ORDER 1. By way of the instant revision, the applicant has challenged the order dated 9.1.2013 passed in Case No. 55/12 by the Principal Judge, Family Court Camp at Mahasamund whereby the Family Court has rejected the application filed under Section 125(3) Cr. P.C. seeking grant of maintenance at the rate of Rs. 700/- per month which the applicant has been getting since her childhood. 2. Facts leading to the instant case are that the applicant has been getting mantenance from the non-applicant right from the stage when she had attained the age of 5 years and since then she has been getting initially an amount of Rs. 300/- per month which has been subsequently enhanced to Rs. 500/- and finally vide order dated 13.7.2011, the said amount has been enhanced to Rs. 700/-. However, the non-applicant stopped paying the maintenance to the applicant w.e.f. 14.2.2012. 3. It was at this juncture, the applicant had moved an application under Section 125(3) Cr. P.C. for a direction from the Family Court for releasing an amount of Rs 4,200/- towards maintenance for the last 6 months. The non-applicant had also entered appearance before the court below. However, the court below, vide impugned order dated 9.1.2013, has held that since there is a specific provision under Section 125(3) Cr. P.C. wherein the proviso to the said section says that the Magistrate may order the father of a minor female child referred to in clause (b) to make such allowance, until she attains her majority. 4. In the instant case also, since the father has stopped the payment to the daughter on her attaining the majority, the court has vide impugned order held that the non-applicant i.e. the father of the applicant herein was justified in stopping the maintenance amount to the applicant in accordance with the provisions of Section 125(3) Cr. P.C. and the court below has further held that the remedy available to the applicant was to initiate proceeding under Section 20(3) of the Hindu Adoptions and Maintenance Act. 4. Though this court had issued notices to the non-applicant on 2.4.2013 and in spite of best efforts and service having been made upon the non-applicant, he has preferred not to make any representation before this court and therefore, this court is left with no other option but to proceed ex parte against the non-applicant. 5.

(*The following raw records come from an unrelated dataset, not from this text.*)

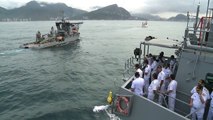 Navios realizam Parada Naval em homenagem ao Comandante da Marinha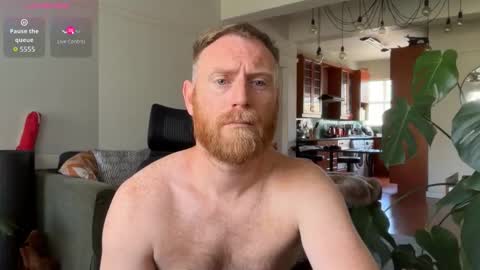 Snapshot of aaronstone_ chatting on October 8, 11:36 am Scrufffypup online show from October 8, 11:36 am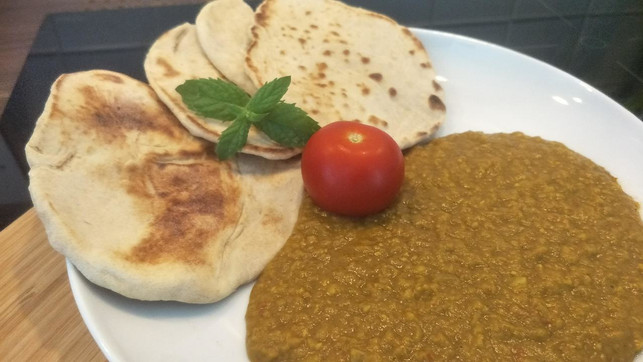 naan-brot-schmeckt-sehr-gut-zu-indischem-dal-sven-christian-schulz-utopia-180715_download Naan Brot schmeckt sehr gut zu indischem Dal.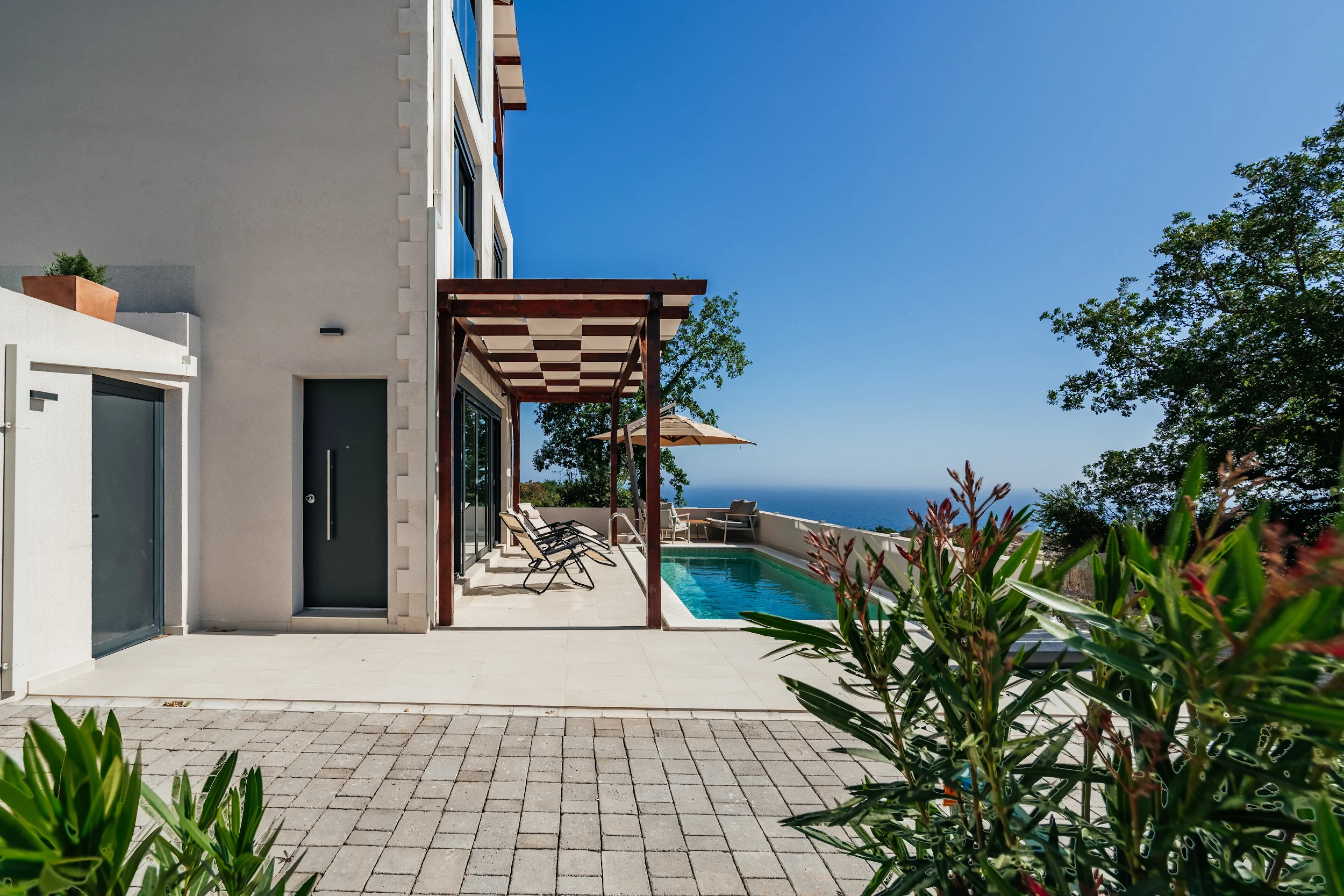 Newly Built Villa with Panoramic Sveti Stefan Views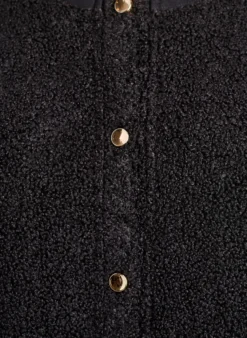 Teddy-Strickjacke mit goldfarbenen Knöpfen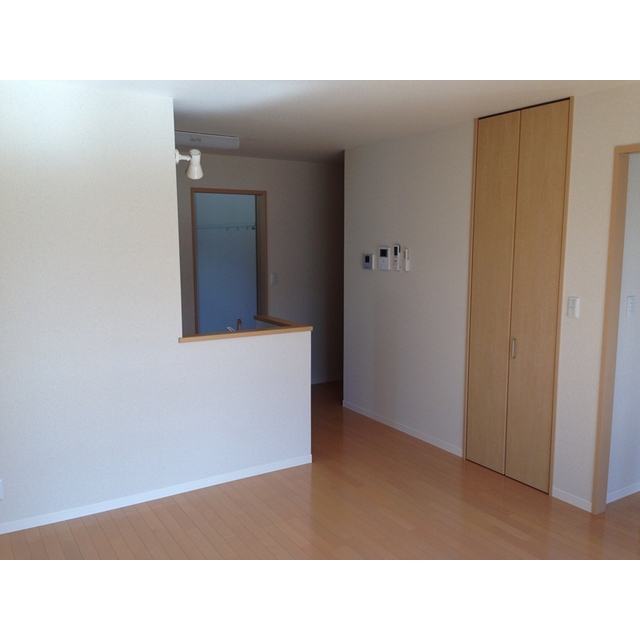 居室・リビング　LDK（13.3帖）の様子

4. Though this court had issued notices to the non-applicant on 2.4.2013 and in spite of best efforts and service having been made upon the non-applicant, he has preferred not to make any representation before this court and therefore, this court is left with no other option but to proceed ex parte against the non-applicant. 5. During the course of arguments, Shri Bhaduri has relied upon the judgment rendered by the Supreme Court in the matter of Jagdish Jugtawat vs. Manju Lata and others, (2002) 5 SCC 422 , wherein the Supreme Court in a case where the Family Court itself had passed an order for grant of maintenance to the major daughter on the ground that since she was already getting maintenance, she should not be forced to file another case under Section 20(3) of Hindu Adoptions and Maintenance Act which would lead to multiplicity of proceedings. The Supreme Court in para 4 of its judgment has held as under:- "Applying the principle to the facts and circumstances of the case in hand, it is manifest that the right of a minor girl for maintenance from parents after attaining majority till her marriage is recognized in Section 20(3) of the Hindu Adoptions and Maintenance Act. Therefore, no exception can be taken to the judgment/order passed by the learned Single Judge for maintaining the order passed by the Family Court which is based on a combined reading of Section 125 Cr. P.C. and Section 20(3) of the Hindu Adoptions and Maintenance Act. For the reasons aforestated, we are of the view that on facts and in the circumstances of the case no interference with the impugned judgment/order of the High Court is called for." 6. In the instant case, if we apply the principle so enumerated by the Supreme court in the case cited above, it would be evidently clear that in the present case, the applicant is aged 19 years by now and has been getting maintenance for the last 14 years, i.e. she was getting maintenance from the time when she was 5 years of age and for the last 2 years, she was not getting the same from the non-applicant.
The court below was not justified in taking a strict view in this regard and approving the decision of the non-applicant having stopped the payment of maintenance of his daughter only on the ground that she has attained the age of majority and that she should be forced to file another case invoking the provisions of Hindu Adoptions and Maintenance Act. The court below ought to have taken into consideration this aspect and in order to avoid multiplicity of proceedings, the court should have entertained the application filed by the applicant for the reason that ultimately the applicant was entitled for maintenance irrespective of the fact whether she moves an application under Section 125(3) Cr. P.C. or under Section 20(3) of the Hindu Adoptions and Maintenance Act. 7. For the foregoing reasons and taking into consideration the observations made by the Supreme Court in the case of Jagdish Jugtawat vs. Manju Lata and others (supra), I am of the considered opinion that the court below was not justified in rejecting the application filed by the applicant. 8. Accordingly, the instant criminal revision is allowed. The order dated 19.1.2013 is set aside. It is ordered that the applicant is entitled for maintenance from the non-applicant and the matter is remitted back to the Principal Judge, Family Court, Mahasamund for passing appropriate orders in this case. No order as to costs. Revision Allowed.